FIG. 4 is a diagram showing a configuration of a conventional semiconductor module. In FIG. 4, the base plate 21 is provided with mounting holes 22a to 22d, as well as drive terminals 23a and 23b and large current terminals 24 and 25. This semiconductor module has a mounting hole 22
It is fixed to a controller or various power supply devices by being screwed through a to 22d and used.

[0005]

However, since the conventional semiconductor module has a different outer shape for each current rating, if the current rating of the controller or various power supplies is different, the controller is required to correspond to the outer shape of the semiconductor module. There is a problem that it is necessary to change the configuration of the power supply and various power supply devices.

Further, when there is no semiconductor module having the same current rating as a controller or various power supply devices, it is necessary to use a plurality of semiconductor modules in combination, and there is a problem that the controller and various power supply devices become large. .
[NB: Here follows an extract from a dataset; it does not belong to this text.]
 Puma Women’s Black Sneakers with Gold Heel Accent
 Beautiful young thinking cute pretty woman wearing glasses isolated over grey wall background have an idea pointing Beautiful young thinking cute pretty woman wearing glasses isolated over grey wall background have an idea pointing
It is an object of the present invention to provide a semiconductor device capable of easily changing the current rating of a semiconductor module without changing the internal configuration of the semiconductor module.

[0008]

According to the present invention, there is provided a semiconductor module having a plurality of base plates which are insulated from each other.
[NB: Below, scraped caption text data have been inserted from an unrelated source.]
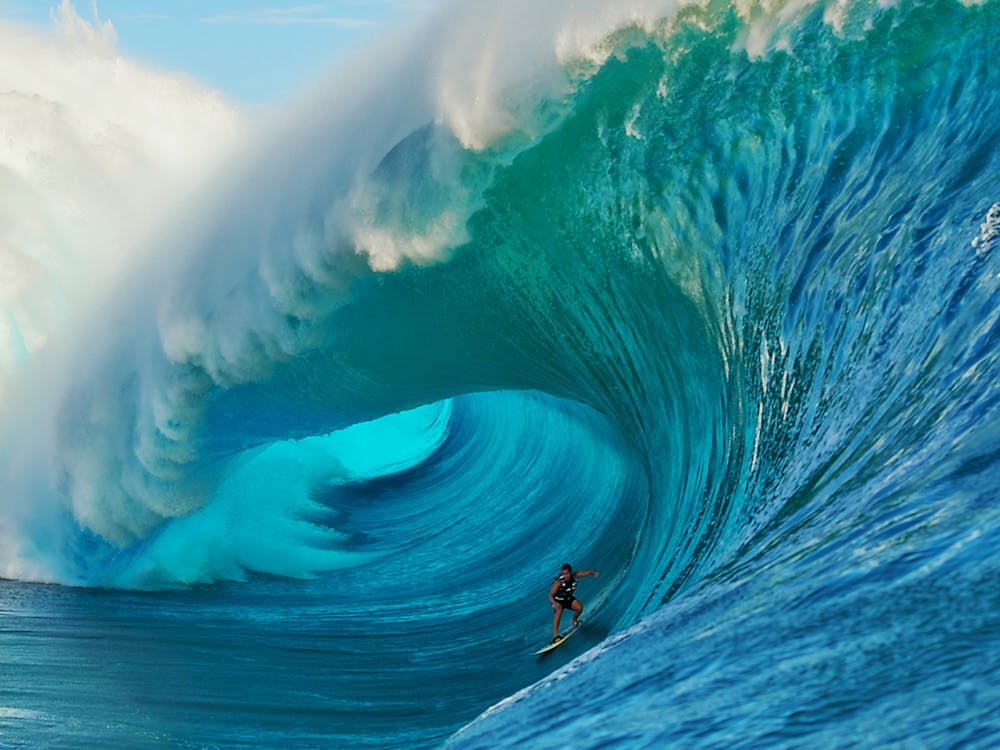 Surfer Riding A Wave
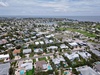 Aerial view of a charming coastal neighborhood with waterfront access, lush greenery, and nearby beaches—perfectly positioned for a relaxing Florida getaway.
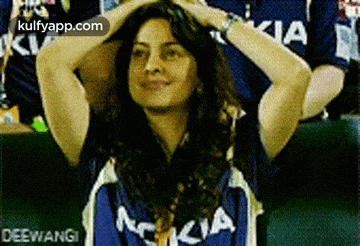 a woman wearing a blue nokia shirt is holding her hair .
Thus, even when a plurality of semiconductor devices are housed in the same package, the potential of the semiconductor devices provided on each base plate can be set individually, and each semiconductor device can be individually set. Since the operation can be performed, the current rating of the semiconductor module can be easily changed without changing the outer shape of the semiconductor module.
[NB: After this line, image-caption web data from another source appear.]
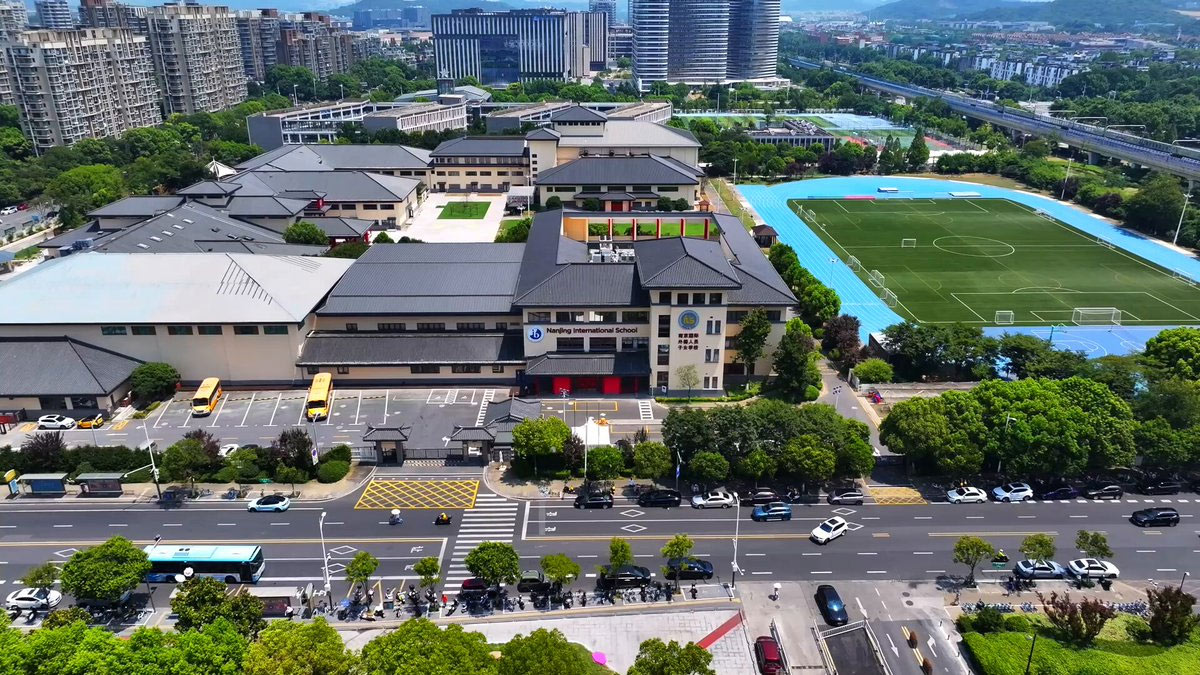 Nanjing International School campus with sports facilities buildings.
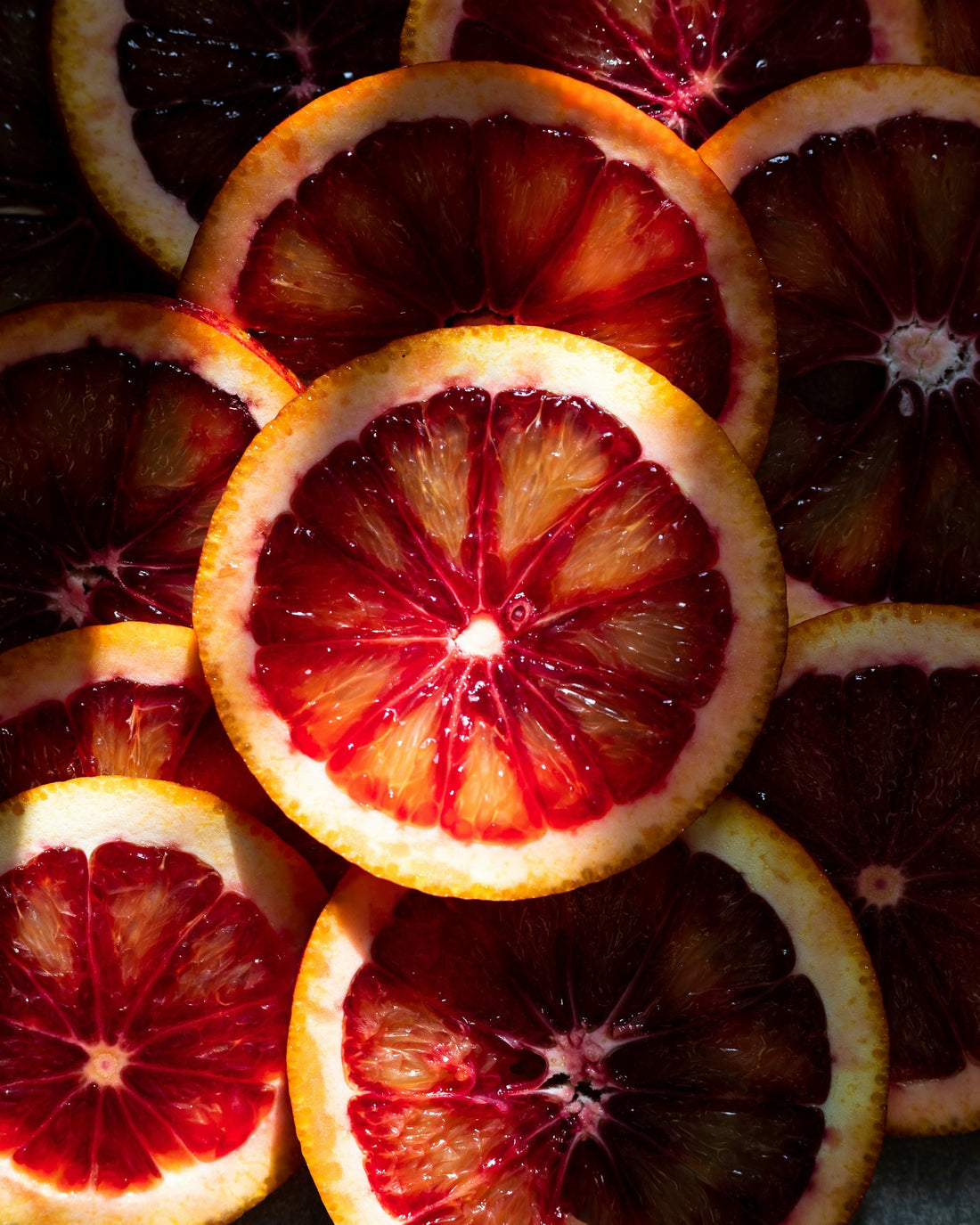 Halved blood oranges with deep ruby-red centers on a neutral background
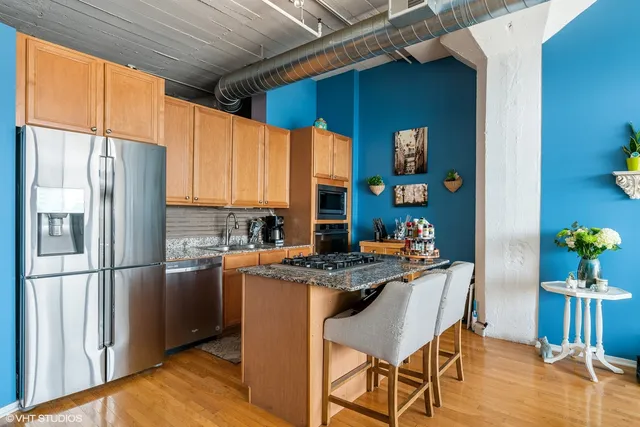 a living room with furniture a wooden floor and a large window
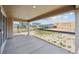 Covered patio with a view of neighborhood development with partial landscaping at 24707 E 40Th Ave, Aurora, CO 80019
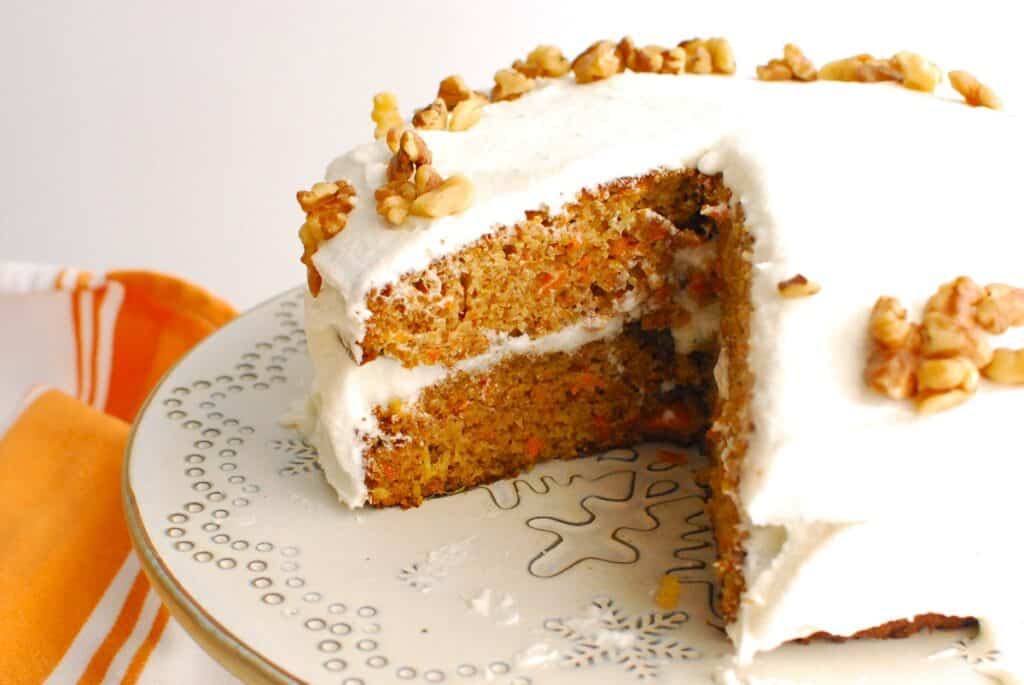 A dairy-free carrot cake on a cake stand with a slice cut from the center.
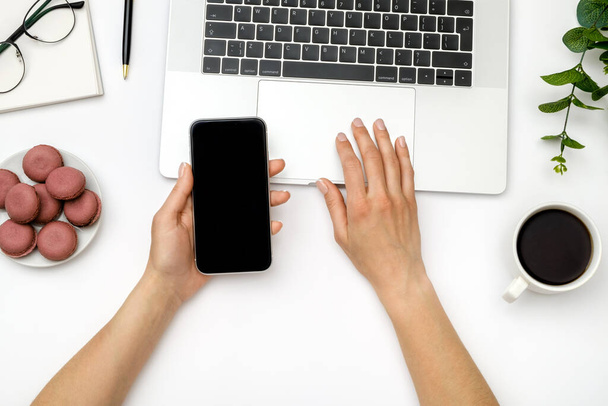 Woman is using smartphone with blank screen over white office desk - Φωτογραφία, εικόνα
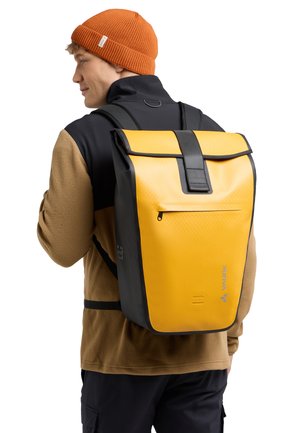 Zaino impermeabile giallo e nero con texture geometrica, chiusura roll-top e tasca frontale con zip. Spallacci regolabili e dettaglio del logo visibile.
Further, according to one aspect of the present invention, a drive terminal and a large current terminal of the semiconductor module are separately provided for each of the base plates.

[0011] Thus, it is possible to operate the semiconductor devices provided in the semiconductor module separately or to operate a plurality of semiconductor devices simultaneously by simply changing the connection state of the external terminals of the semiconductor module. This makes it possible to easily change the current rating of the semiconductor module without changing the internal configuration of the semiconductor module.

Further, according to one aspect of the present invention, the respective base plates are connected to each other via an insulating resin.

As a result, it is possible to handle a plurality of base plates integrally, and it is possible to mount a plurality of base plates collectively only by mounting one semiconductor module. Need not be provided for each base plate, and the installation space can be saved.

[0014]

DESCRIPTION OF THE PREFERRED EMBODIMENTS A semiconductor device according to one embodiment of the present invention will be described below with reference to the drawings. FIG.
FIG. 1A is a plan view showing the internal configuration of a semiconductor module according to one embodiment of the present invention, and FIG.
1 (c) is a sectional view taken along line AA ′ of FIG.
It is sectional drawing cut | disconnected by the BB 'line of (a).

In FIG. 1, a semiconductor module is provided with three base plates 1a to 1c divided from each other.
The base plate 1a and the base plate 1b are fixed to each other with an insulating resin 2a, and the base plate 1b and the base plate 1c are fixed to each other with an insulating resin 2b. Here, as shown in FIG. 1B, notches are provided at the ends of the base plates 1a to 1c, and the insulating resins 2a and 2b are formed into an H-shape, and the base plates 1a to 1c The notch portion is fitted into the H-type insulating resin 2a, 2b, so that the base plate 1
a to 1c can be firmly connected by the insulating resins 2a and 2b. The base plates 1a to 1c can be made of a metal plate such as copper or aluminum.

The base plate 1a has mounting holes 3a, 3b
And a large current terminal 4a, and the base plate 1
Semiconductor chips 8a to 8f are mounted on a. Also, a large current terminal 5a and drive terminals 6a, 7
a is a base plate 1a via insulators 9a to 9c, respectively.
Mounted on top. Further, the large current terminal 5a is provided with a lead plate 5a ', and the drive terminals 6a, 7a
Are provided with lead pins 6a 'and 7a', respectively.

Each source terminal on the semiconductor chips 8a to 8f is connected to a large current terminal 5a and a drive terminal 6a by a wire 10a, and is connected to the semiconductor chips 8a to 8f.
Each gate terminal on 8f is connected to the drive terminal 7a by a wire 10a.

A large current terminal 4b is provided on the base plate 1b, and a semiconductor chip 8 is provided on the base plate 1b.
g to 8j are attached. Also, a large current terminal 5b
The drive terminals 6b and 7b are mounted on the base plate 1b via insulators. Furthermore, the large current terminal 5b is provided with a lead plate 5b ', and the drive terminals 6b, 7b are provided with lead pins 6b', 7b ', respectively.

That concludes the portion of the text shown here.